▶ ABOUT THIS TASK
Please count the lines below that contain the word "Mobile", and reply with that number alone.

▶ DATA TO EXAMINE
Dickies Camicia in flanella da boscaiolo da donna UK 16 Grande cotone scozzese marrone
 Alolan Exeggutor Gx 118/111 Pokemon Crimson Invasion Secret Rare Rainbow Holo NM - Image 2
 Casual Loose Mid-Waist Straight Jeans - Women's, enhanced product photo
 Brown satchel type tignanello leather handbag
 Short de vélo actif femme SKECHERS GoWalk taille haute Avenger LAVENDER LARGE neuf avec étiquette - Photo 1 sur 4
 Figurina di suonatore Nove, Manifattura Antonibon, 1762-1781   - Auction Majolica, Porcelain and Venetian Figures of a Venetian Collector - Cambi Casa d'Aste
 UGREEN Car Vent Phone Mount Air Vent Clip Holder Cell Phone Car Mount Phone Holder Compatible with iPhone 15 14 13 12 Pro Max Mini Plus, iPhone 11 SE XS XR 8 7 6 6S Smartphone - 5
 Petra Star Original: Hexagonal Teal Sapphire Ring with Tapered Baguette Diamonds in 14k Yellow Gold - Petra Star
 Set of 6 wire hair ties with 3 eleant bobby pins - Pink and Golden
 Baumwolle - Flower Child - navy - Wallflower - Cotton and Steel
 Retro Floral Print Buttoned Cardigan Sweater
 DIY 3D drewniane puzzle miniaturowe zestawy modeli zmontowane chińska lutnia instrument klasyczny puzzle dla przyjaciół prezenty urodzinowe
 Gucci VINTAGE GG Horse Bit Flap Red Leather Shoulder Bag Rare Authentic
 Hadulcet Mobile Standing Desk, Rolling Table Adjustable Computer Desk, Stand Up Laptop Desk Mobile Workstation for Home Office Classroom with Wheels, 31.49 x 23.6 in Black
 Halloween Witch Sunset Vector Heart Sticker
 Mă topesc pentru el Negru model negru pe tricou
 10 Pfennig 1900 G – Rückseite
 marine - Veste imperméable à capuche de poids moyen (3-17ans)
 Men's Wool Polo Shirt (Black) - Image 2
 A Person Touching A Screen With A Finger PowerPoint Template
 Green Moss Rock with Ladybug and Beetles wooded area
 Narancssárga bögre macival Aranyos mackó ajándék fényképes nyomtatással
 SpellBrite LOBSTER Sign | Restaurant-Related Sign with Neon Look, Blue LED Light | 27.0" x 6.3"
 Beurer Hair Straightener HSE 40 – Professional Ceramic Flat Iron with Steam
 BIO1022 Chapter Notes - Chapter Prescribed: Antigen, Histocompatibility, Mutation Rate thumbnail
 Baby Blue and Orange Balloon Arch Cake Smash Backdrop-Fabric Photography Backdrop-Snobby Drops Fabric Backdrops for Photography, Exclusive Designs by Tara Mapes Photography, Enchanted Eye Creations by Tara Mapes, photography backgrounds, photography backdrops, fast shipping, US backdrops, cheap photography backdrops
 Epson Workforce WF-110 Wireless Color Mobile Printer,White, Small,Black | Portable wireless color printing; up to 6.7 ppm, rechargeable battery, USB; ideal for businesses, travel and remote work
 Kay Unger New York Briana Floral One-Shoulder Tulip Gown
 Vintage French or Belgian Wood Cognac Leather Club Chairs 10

▶ EXERCISE OUTPUT
2